Pouvoir d’achat contre dîner de gala
Car, enfin, après une édition annulée en 2020 et décalée en juillet en 2021, le Festival est redevenu comme « avant », lire notre reportage Aller à Cannes ou pas?, pour le plus grand plaisir des cannois ou autres milliardaires mouillant leur yacht dans la baie cannoise, avant de finir la nuit au Palm Beach et autres boites de nuit ou plus chic encore, soirée after la projection dans une villa privée. Dès lors, la journée commence souvent tardivement pour les clubbers qui, à la différence de 2500 journalistes qui se battent dès potron minet pour assister à la projection presse de 8 heures du matin, partent à la chasse des invitations, du Club by Albane, la reine des nuits cannoises sur la terrasse de l’hôtel Gray d’Albion- vue sublime, ambiance de merde (eh oui, le champagne ou l’open bar ne suffisent pas toujours à se lâcher). Le dîner de gala prévu ce mardi 24 mai pour fêter les 75 ans du festival ne devrait pas déroger à cette règle même si on se battra sec pour faire partie des 700 invités, à défaut d’aller voir des films, stigmatisant le recul de fréquentation des salles qui, à 12 euros le billet, sont devenues un luxe pour la moitié des cinéphiles qui ne sont pas retournés, depuis la pandémie, dans les salles noires.
De la Croisette à Boutcha
Un mardi 24 mai 2022 qui, accessoirement est aussi, le jour anniversaire du troisième mois de la guerre en Ukraine. Boutcha, Marioupol, autant de villes martyrs où ont péri plus de 8000 civils tandis que l’on annonce le très lourd bilan de 50 000 morts, soit quasiment l’équivalent d’une ville comme…Cannes. Terrible comparaison dans un conflit surmédiatisée confirmant que « dans la guerre, les premières victimes sont les civils, la seconde, la vérité ». Comme au cinéma, mais en vrai, images de propagande ukrainienne contre celles des Russes, jamais on a disposé d’autant d’images grâce notamment aux services sociaux avec forcément des thèses complotistes pour minimiser la violence russe. « Moi, je sais des choses que vous, pauvres ignorants victimes de l’émotion de masse » a marché le feu de Dieu, entre les « informés » citant la journaliste française Anne Laure Bonnel, « censurée » pour sa version bien moins idéaliste de qui est le bon et le méchant et les autres, « pauvres téléspectateurs crédules », ruisselant d’empathie pour « les pauvres petites filles blondes aux yeux bleus »-si loin, si proche. Marioupol? Rappelez-vous Alep! Et le silence des médias sur une guerre bien plus lointaine, d’autant qu’elle se déroulait dans un pays musulman. Sauf que, en l’occurrence, être « informé » c’est savoir que Anne Laure Bonnel s’est faite avoir par ses « fixeurs »( les locaux que le journalistes utilisent pour les aider sur le terrain) plus que pro-russes; être informé, c’est aussi confirmer le fou de guerre qu’est Vladimir Poutine, qui de la Tchétchénie à Beslan, en Ossétie du Nord- 330 morts dont 186 enfants pour mettre fin il y a quinze ans à la prise d’otage dans une école, n’a cessé de choisir la manière forte en ayant aussi peu de respect pour les vies humaines que celles des fourmis. Celles des civils ukrainiens comme celles de ses soldats dont certains réservistes n’hésitent plus à préventivement s’exiler.

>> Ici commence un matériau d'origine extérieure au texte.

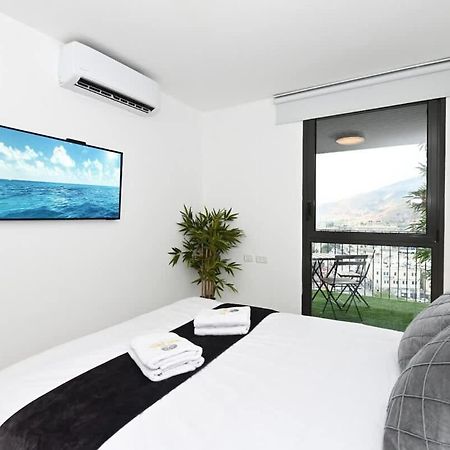 L.T.D- My View. 2 Bedroom Apartment By The Lake. طبريا المظهر الخارجي الصورة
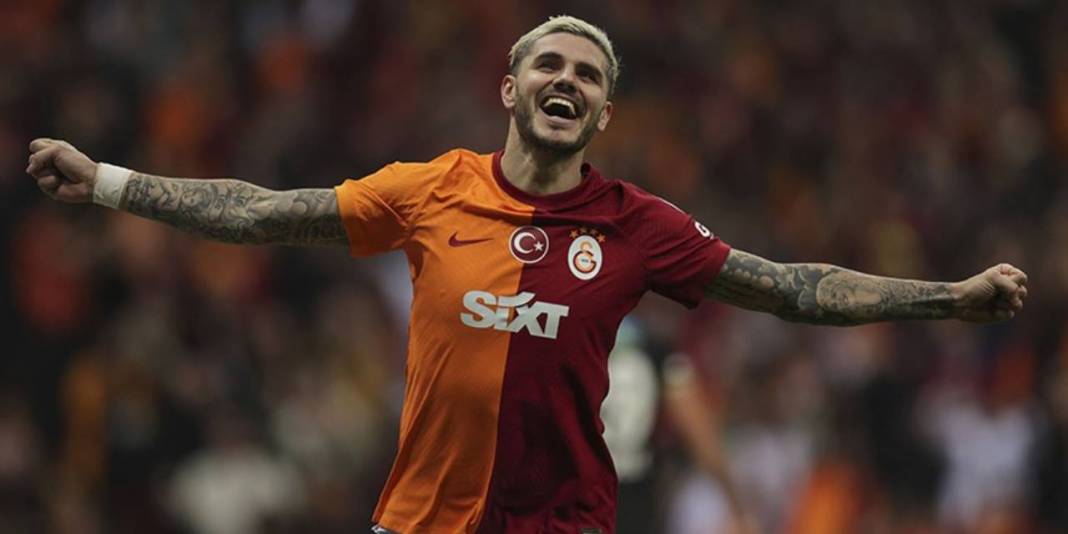 Galatasaray'ın Yıldızı Yıllar Sonra Bir İlk Başardı! Alex de Souza'yı Tahtından Etti! 4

En passant par Kaboul et Roland Garros
Etre informé, c’est aussi savoir que neuf mois après le lâchage américain de l’Afghanistan, le régime taliban a accouché d’un monstre qui oblige désormais petites filles et femmes à porter le niqab quand elles ont la chance de ne pas être vendues pour quelques centaines de dollars par leur mère affamée, contrainte de sacrifier une de ses filles pour nourrir les autres. C’est sûr qu’à cinquante centimes chaque jour pour nourrir trois enfants quand le père est mort au combat, énième victime d’un pays en conflit armé permanent, on peut difficilement imaginer que quelque part dans le monde, des joueuses de tennis ahanent comme elles jouiraient en tapant court vêtues sur une balle ou que des « influenceuses » aux lèvres botoxées font des Tiktok en montant les marches, avec des millions d’euros autour du cou d’un, ô combien, obscène tapis rouge jusqu’à ce qu’une femme nue, plus décente que toutes les autres, condamne le viol, drame s’il en est, universel.